Since Donald Trump took over the White House, the United States has pivoted from its role of an economic global leader and turned toward economic nationalism. Meanwhile, China expresses its interest in assuming the role, an article by USA Today reported.
“As the U.S. becomes more insular in economic philosophy, I think it gives China one more reason to . . . say, ‘We are still interested, and we want to continue globalization,'” said Louis Kujis, head of Asia Economics at Oxford Economics, in an interview with USA Today.
As a country with a large economic output, China is poised to shine brighter on the world stage.
Over the recent months and years, China has increased bilateral and multilateral trade ties with various nations over the world, particularly in the Middle East, Africa, Central Asia, and Latin America.
China is also spearheading several infrastructure projects in these regions, such as the 300-mile railway in Kenya, the Nicaraguan Canal, the One Belt One Road project, and the South American rail.

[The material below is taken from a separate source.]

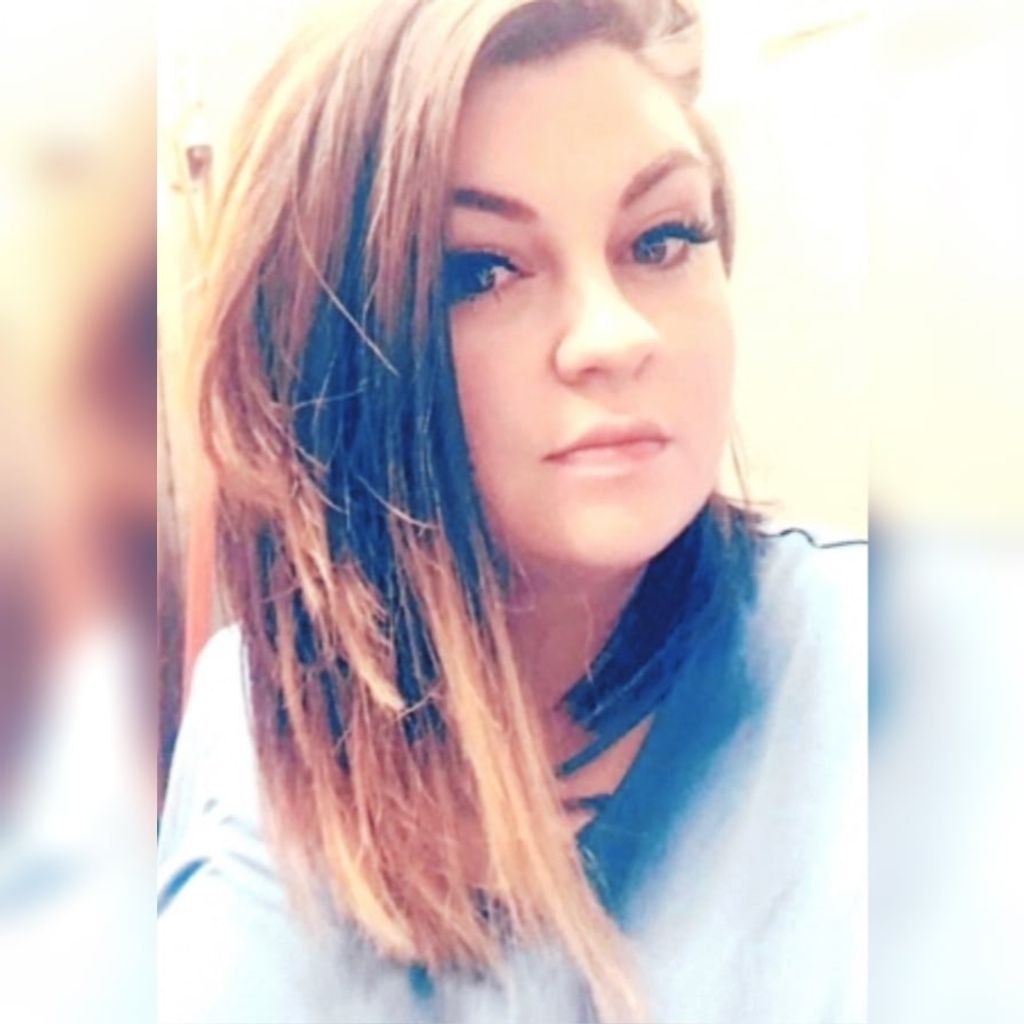 Bethany Rae Winder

When it comes to foreign direct investments (FDIs), the U.S. remains the leader. However, it should be noted that the U.S. FDI only grew by 1.5 percent year-over-year--a stark contrast with China’s FDI, which increased by 52.5 percent, according to data from the World Bank.
Developing nations look up to China as a role model of modernization. Meanwhile, China works to create avenues for its exporters to grow while, at the same time, creating wealth in these countries. Foreign direct investments also help China deal with a staggering problem back home: excess capacity of steel, glass, and other products.
“I think the Chinese have realized they’re the major beneficiary of globalization,” Peter P. Bottelier, former chief of the World Bank’s Resident Mission in Beijing, told USA Today.
“If the U.S. ducks out, China will take over the leadership role in globalization. And whatever happens to China, it’ll have a major impact on Americans.”